We were pleased to see that some of the tubers (they aren't nuts) had reached a reasonable size and there were some nice clumps of them around some of the stems - they seemed to be better around the edge of the pot, unless they were just easier to see.
We got a pretty good amount - hopefully enough to make our own Horchata de chufa, a lovely sweet milky-type drink which we drink in Tenerife and is very popular in Valencia
They're also quite nice raw, as a snack. They taste very much like hazelnuts but it's tricky getting all the dirt off.
Looks like a tiny spud or bug!
The grassy plant was attractive throughout the year and would be good for a bog garden, as it needs to stay wet all the time, although rather invasive which is why we grew it in a pot.

Sunday 22 November 2015

Chilly Chillis and Eskimo Carrots

Look at that sad little plant.
The temperature went down to -4.8° in the greenhouse overnight marking the end of the chilli plant and the tomatillos.
It's been a cold weekend; not one for working on the plot but I wanted some carrots for soup so we wandered up this afternoon.
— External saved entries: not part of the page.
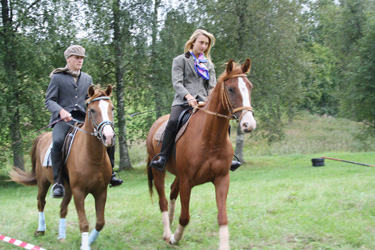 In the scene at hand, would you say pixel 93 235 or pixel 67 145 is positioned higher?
pixel 67 145

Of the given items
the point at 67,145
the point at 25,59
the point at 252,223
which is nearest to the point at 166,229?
the point at 252,223

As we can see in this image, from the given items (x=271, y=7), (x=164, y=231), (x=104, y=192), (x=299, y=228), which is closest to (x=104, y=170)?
(x=104, y=192)

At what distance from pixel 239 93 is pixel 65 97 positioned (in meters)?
3.12

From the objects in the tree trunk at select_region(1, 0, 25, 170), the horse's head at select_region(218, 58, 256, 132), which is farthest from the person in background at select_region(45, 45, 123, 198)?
the tree trunk at select_region(1, 0, 25, 170)

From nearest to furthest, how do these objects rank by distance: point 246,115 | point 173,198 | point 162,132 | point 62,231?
point 246,115, point 62,231, point 162,132, point 173,198

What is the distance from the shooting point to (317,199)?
821cm

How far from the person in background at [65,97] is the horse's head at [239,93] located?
232 cm

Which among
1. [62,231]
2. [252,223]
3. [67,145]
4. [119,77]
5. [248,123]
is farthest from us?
[119,77]

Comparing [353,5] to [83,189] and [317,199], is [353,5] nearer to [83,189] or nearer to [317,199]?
[317,199]

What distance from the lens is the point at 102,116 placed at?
16.4 feet

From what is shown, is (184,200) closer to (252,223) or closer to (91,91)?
(252,223)

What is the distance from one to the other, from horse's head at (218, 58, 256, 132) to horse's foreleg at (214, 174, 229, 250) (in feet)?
3.33

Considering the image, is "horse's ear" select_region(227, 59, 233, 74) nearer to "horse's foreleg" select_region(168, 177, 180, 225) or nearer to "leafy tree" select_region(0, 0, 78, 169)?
"horse's foreleg" select_region(168, 177, 180, 225)

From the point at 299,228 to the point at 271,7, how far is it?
15962 mm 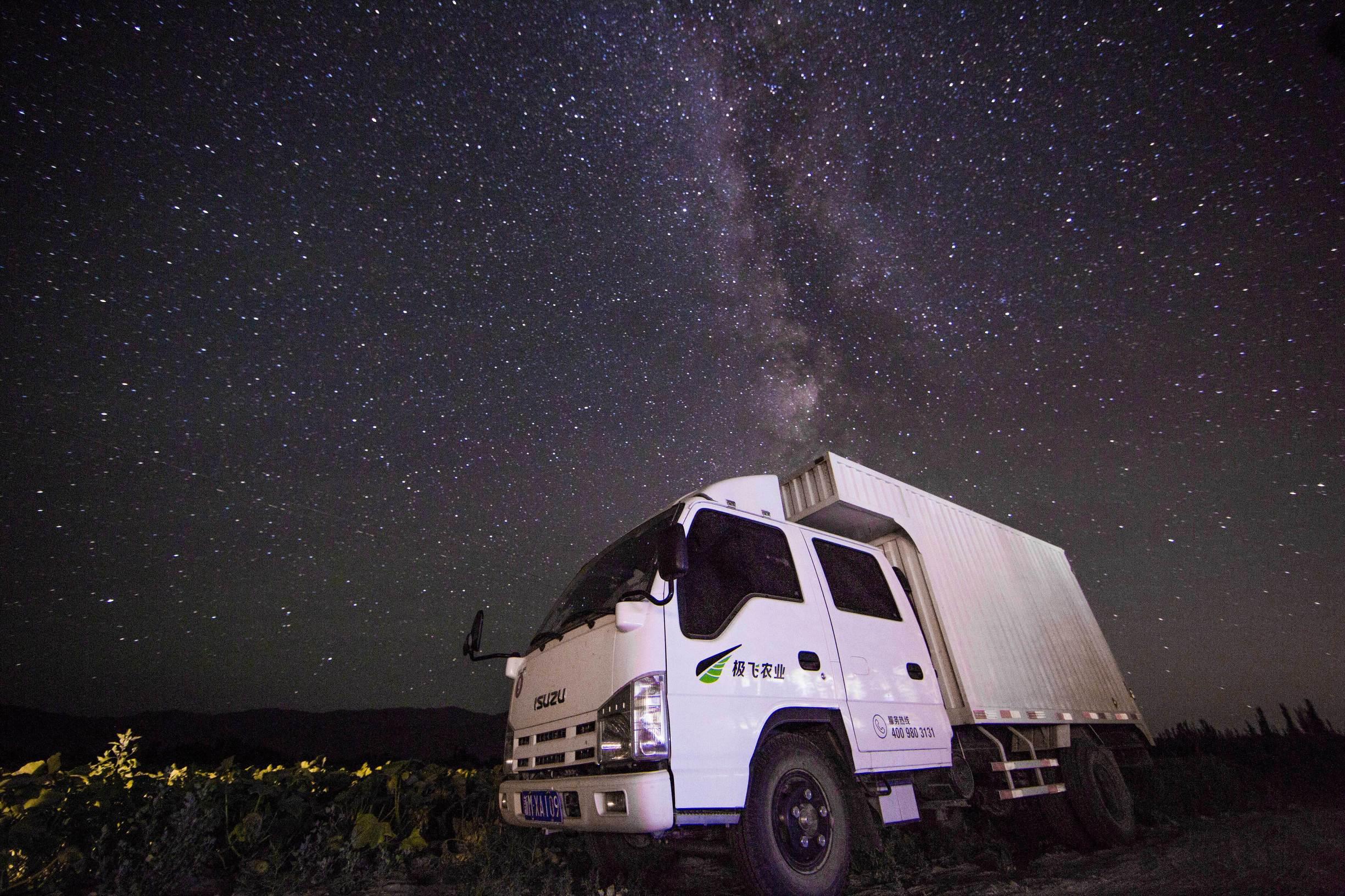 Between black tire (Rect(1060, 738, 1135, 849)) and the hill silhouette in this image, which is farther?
the hill silhouette

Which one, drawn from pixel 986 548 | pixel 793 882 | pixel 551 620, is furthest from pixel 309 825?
pixel 986 548

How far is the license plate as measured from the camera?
10.8 ft

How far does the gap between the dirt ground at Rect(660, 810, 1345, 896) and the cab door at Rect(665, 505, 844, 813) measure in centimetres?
207

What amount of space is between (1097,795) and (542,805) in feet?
20.5

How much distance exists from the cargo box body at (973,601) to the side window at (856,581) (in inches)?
22.7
The sun just peeped out for a short while, but didn't hang round and neither did we!
I pulled a couple of the Eskimo carrots - one of these weighs 500g, so I only need two for 3 days of soup! And we saved some of the red chillis - they aren't very hot but will add a little spice. Clearly Wilkos had labelled the plant wrong, which I'm quite happy with, as I couldn't have eaten them if they were too hot.
The sprout stems have been blown sideways by the recent storms but the sprouts are looking firm and have plumped up nicely over the last month.
The birds were active on the allotment today. The magpie family are ever-present and were having a stand-off with one of the kestrels before they took to the sky for a dogfight.